The movie is largely a character study, exploring the nature of loyalty and secrecy. By the very fact of working for the FBI, Hanssen and O'Neill are expected to be loyal to their country. As O'Neill spends more and more time with Hanssen, he feels loyalty towards him as well, affection for the man, and perhaps just the natural loyalty engendered by covering your boss's ass. Even knowing the man is a traitor, he finds he admires him.
On the opposite side of loyalty is secrecy. O'Neill's loyalty to his job requires he keep his investigation secret from his wife (Caroline Dhavernas), and as the Hanssens and O'Neills becomes more and more involved socially, this is increasingly difficult, and strains the O'Neill's young marriage.
The movie is also about anger and guilt. Hanssen is smart, maybe the smartest guy in his department, and he feels unappreciated and superior. He is obsessed with never having received a window office. He is angry at beaurocrats, angry at routine, angry at stupidity, and angry when his suggestions aren't acted upon. Is he also guilty? He is a staunch Catholic, a member of Opus Dei, and eager to push religion on O'Neill and his Protestant wife. He attends mass daily and prays often, meanwhile betraying his country and making pornographic videos of his wife without her knowledge. Surely there is guilt there, and surely there is extra motivation to attend mass and confess his sins (although we never see Hanssen in confession; one wonders what, if anything, he ever confessed).
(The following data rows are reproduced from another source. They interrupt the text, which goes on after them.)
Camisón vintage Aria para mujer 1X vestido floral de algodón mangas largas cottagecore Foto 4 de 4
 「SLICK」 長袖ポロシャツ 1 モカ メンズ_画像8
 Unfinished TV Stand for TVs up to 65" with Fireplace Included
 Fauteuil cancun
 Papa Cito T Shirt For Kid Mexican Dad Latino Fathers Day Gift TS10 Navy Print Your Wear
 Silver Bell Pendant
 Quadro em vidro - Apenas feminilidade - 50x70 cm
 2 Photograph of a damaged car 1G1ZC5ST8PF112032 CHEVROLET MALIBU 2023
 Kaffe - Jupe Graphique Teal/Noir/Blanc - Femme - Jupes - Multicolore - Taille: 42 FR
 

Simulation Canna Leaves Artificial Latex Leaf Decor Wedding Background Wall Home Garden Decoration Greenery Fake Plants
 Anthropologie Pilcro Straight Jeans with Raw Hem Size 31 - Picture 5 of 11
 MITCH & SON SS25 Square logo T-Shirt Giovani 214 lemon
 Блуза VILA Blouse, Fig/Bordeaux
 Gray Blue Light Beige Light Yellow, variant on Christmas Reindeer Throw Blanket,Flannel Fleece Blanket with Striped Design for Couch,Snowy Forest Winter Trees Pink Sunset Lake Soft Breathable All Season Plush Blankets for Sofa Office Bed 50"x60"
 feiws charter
The investigation takes a toll on O'Neill, although that was the least compelling part of the story, perhaps because Phillipe isn't doing all that much with the part (he's very good, but I dunno, not great). It is Cooper who is the fascinating one, and Laura Linney is wonderful as usual.
Double O Section offers a good review of the DVD features, which I was unable to watch.
(I have secretly cross-posted this in small, unmarked bills.)